Frozen, Disney, and True Love
So everyone in the universe has seen ‘Frozen’ at this point. Among a majority of the film’s positive reviews (including my own), one of the most common points of raise was the theme of subverting clichés associated with the House of Mouse.
In particular, ‘Frozen’ draws attention to the idea of two individuals falling in love over the course of less than a week. While this idea is obviously very questionable in real life, some see the portrayal of the trope in Frozen as invalidating any future uses of the trope by Disney.
What this essentially means is that many don’t think Disney can ever use the trope again without being hypocritical or just plain lazy. I myself don’t see this as a problem, I don’t think Frozen’s subversion preemptively stops Disney from playing their “classic formula” straight ever again. Let me explain why.
Unlike most of Disney’s stories where two parties fall in love over a short time period, Ana and Hans don’t “fall in love” over the course of a conflict.
In stories like ‘Princess and The Frog’ and ‘Tangled’, the two lovers come together during an adventure filled with life threatening circumstances. It’s a general conceit (especially in fiction) that people reveal their true selves when put in danger. The couples don’t just grow close by spending quality time together, they grow close by spending time together in exactly the right situations required to prove themselves as individuals with genuine chemistry.
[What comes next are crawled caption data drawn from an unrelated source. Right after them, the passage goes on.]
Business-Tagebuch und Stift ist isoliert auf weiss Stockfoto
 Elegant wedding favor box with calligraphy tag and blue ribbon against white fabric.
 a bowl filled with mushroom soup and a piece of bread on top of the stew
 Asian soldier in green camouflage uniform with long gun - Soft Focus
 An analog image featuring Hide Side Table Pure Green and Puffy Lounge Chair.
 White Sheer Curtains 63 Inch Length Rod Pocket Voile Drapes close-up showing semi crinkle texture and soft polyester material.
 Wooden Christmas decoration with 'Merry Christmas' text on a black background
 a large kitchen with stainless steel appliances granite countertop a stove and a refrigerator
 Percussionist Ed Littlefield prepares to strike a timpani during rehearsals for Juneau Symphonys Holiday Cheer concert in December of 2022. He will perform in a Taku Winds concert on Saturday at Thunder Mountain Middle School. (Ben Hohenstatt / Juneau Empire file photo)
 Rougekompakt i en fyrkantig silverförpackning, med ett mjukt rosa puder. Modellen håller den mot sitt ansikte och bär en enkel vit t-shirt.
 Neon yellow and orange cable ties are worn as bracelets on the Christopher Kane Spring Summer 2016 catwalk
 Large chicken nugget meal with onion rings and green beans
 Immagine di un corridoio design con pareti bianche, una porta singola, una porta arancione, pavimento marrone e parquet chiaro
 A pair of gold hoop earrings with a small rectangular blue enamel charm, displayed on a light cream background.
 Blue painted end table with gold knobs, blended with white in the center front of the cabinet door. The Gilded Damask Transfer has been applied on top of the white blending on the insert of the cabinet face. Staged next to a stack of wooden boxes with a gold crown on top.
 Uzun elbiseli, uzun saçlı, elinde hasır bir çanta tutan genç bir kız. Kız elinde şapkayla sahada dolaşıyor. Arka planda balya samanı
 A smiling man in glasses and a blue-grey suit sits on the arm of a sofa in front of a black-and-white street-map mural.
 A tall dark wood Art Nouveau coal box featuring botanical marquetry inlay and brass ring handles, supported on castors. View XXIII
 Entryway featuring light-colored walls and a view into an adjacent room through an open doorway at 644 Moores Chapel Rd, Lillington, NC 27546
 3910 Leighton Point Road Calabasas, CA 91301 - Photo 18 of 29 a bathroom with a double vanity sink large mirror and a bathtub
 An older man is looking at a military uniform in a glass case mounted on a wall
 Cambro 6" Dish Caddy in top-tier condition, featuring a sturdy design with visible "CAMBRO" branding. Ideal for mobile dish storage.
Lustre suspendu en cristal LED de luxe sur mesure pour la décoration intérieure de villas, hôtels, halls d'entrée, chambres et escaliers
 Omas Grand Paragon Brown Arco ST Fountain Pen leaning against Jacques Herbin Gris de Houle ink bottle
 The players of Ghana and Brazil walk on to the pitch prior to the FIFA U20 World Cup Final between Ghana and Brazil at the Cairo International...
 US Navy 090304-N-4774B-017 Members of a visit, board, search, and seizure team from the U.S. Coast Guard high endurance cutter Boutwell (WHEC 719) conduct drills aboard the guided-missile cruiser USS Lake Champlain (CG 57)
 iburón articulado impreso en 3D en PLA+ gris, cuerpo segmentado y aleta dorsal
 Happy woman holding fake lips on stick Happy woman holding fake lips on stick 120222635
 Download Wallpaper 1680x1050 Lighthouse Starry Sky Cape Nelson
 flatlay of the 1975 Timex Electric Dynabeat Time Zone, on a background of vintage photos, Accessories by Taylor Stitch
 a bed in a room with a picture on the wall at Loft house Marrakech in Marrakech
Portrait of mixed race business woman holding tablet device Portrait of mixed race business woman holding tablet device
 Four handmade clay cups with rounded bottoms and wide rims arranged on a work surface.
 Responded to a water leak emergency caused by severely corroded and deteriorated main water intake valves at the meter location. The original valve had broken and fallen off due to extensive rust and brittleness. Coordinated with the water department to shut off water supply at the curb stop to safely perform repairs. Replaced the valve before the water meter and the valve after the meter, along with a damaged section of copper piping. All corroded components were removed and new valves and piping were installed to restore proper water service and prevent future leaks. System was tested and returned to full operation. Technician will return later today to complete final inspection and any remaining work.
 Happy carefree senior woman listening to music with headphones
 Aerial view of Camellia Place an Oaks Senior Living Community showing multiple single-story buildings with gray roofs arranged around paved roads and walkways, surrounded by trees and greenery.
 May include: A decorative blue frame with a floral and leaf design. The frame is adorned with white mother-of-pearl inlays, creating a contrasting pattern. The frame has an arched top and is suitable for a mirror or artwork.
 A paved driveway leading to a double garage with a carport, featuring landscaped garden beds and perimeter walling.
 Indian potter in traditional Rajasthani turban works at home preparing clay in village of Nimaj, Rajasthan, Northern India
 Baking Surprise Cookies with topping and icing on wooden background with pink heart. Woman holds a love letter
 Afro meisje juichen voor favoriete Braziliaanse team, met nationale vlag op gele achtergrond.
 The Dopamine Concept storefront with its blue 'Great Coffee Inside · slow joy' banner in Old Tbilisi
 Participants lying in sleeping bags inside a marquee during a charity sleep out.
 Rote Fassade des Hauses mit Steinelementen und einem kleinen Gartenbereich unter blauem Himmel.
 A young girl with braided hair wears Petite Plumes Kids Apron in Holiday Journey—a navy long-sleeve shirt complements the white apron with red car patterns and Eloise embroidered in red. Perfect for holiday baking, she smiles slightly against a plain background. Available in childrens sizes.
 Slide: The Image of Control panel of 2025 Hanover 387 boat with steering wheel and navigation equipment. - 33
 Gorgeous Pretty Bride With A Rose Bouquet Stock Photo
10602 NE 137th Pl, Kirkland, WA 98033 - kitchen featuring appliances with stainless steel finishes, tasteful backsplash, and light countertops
The same goes for a story like ‘Beauty and The Beast’ or ‘The Little Mermaid’. In those films, there isn’t much external danger until the third act, but even then there are circumstances that demand the characters be genuine or they will face consequences. If Beast and Ariel don’t make their respective love interests fall genuinely in love with them, they’ll essentially be deformed for the rest of their lives. Only by being the very best of themselves can they accomplish this in the allotted time, so that’s what they do.
Unlike the above, Hans spends a single night with Ana without any circumstances forcing him to be genuine. He’s not required to act in any way other than how he wants. Which, as we know, is being a giant ass.
Had Ana and Hans gone on an adventurous journey together like Ana and Kristoff did, Hans would’ve either done something to expose his manipulation and selfishness, or became a better person to the point where their romance would be genuine. Likewise for if there had there been some predetermined consequence for Hans not being a genuinely good person.
By bringing this up I don’t mean to devalue the subversion at all. I only mean to imply that the “true love over the course of a couple of days” trope isn’t nearly discredited by the subversion, and I don’t think that it would automatically be negative or hypocritical of Disney to use the trope in a following movie. There is a genuine element to just about every Disney romance that I think deserves to be acknowledged as at the very least decent screenwriting.
But what about you think? Do you think it would be a bad thing for Disney to portray romance the same way they did in movies pre-Frozen, or is it really not that big a deal?